Many relationships in nature, including relationships involving behavioral variables, are nonlinear and follow a pattern known as U-curve (or inverted U-curve). In this pattern a variable affects another in a way that leads to a maximum or minimum value, where the effect is either maximized or minimized, respectively. This type of relationship is also referred to as a J-curve pattern; a term that is more commonly used in economics and the health sciences.

The Warp2 PLS Regression algorithm tries to identify a U-curve relationship between latent variables, and, if that relationship exists, the algorithm transforms (or “warps”) the scores of the predictor latent variables so as to better reflect the U-curve relationship in the estimated path coefficients in the model. The Warp3 PLS Regression algorithm, the default algorithm used by the software, tries to identify a relationship defined by a function whose first derivative is a U-curve. This type of relationship follows a pattern that is more similar to an S-curve (or a somewhat distorted S-curve), and can be seen as a combination of two connected U-curves, one of which is inverted.

The PLS Regression algorithm does not perform any warping of relationships. It is essentially a standard PLS regression algorithm, whereby indicators’ weights, loadings and factor scores (a.k.a. latent variable scores) are calculated based on a least squares minimization sub-algorithm, after which path coefficients are estimated using a robust path analysis algorithm. A key criterion for the calculation of the weights, observed in virtually all PLS-based algorithms, is that the regression equation expressing the relationship between the indicators and the factor scores has an error term that equals zero. In other words, the factor scores are calculated as exact linear combinations of their indicators. PLS regression is the underlying weight calculation algorithm used in both Warp3 and Warp2 PLS Regression. The warping takes place during the estimation of path coefficients, and after the estimation of all weights and loadings in the model. The weights and loadings of a model with latent variables make up what is often referred to as outer model, whereas the path coefficients among latent variables make up what is often called the inner model.

Finally, the Robust Path Analysis algorithm is a simplified algorithm in which factor scores are calculated by averaging all of the indicators associated with a latent variable; that is, in this algorithm weights are not estimated through PLS regression. This algorithm is called “Robust” Path Analysis, because, as with most robust statistics methods, the P values are calculated through resampling. If all latent variables are measured with single indicators, the Robust Path Analysis and the PLS Regression algorithms will yield identical results.

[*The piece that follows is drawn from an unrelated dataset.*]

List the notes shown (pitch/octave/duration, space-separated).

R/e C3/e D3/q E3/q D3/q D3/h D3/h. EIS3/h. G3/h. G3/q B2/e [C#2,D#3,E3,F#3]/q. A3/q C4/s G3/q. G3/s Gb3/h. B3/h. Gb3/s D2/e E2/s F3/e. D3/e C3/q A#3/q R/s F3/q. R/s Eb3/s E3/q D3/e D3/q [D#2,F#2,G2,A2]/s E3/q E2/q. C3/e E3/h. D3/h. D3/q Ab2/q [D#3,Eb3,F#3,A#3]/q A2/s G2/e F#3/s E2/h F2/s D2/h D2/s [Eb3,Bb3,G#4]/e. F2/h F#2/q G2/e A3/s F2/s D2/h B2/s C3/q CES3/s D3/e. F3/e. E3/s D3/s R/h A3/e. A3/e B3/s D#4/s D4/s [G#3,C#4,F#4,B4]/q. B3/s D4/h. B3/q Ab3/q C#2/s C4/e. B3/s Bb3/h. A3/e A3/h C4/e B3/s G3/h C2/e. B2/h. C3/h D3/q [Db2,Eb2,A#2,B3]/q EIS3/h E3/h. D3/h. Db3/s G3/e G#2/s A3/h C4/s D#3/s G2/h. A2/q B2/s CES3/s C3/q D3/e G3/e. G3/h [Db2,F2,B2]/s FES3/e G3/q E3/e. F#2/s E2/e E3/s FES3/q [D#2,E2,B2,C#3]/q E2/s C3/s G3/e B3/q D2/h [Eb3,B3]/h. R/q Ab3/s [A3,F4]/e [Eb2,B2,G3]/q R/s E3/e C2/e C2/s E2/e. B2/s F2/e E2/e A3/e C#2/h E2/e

One of two resampling methods may be selected: bootstrapping or jackknifing. Bootstrapping, the software’s default, is a resampling algorithm that creates a number of resamples (a number that can be selected by the user), by a method known as “resampling with replacement”. This means that each resample contains a random arrangement of the rows of the original dataset, where some rows may be repeated. (The commonly used analogy of a deck of cards being reshuffled, leading to many resample decks, is a good one, but not entirely correct because in bootstrapping the same card may appear more than once in each of the resample decks.) Jacknifing, on the other hand, creates a number of resamples that equals the original sample size, and each resample has one row removed. That is, the sample size of each resample is the original sample size minus 1. Thus, the choice of number of resamples has no effect on jackknifing, and is only relevant in the context of bootstrapping.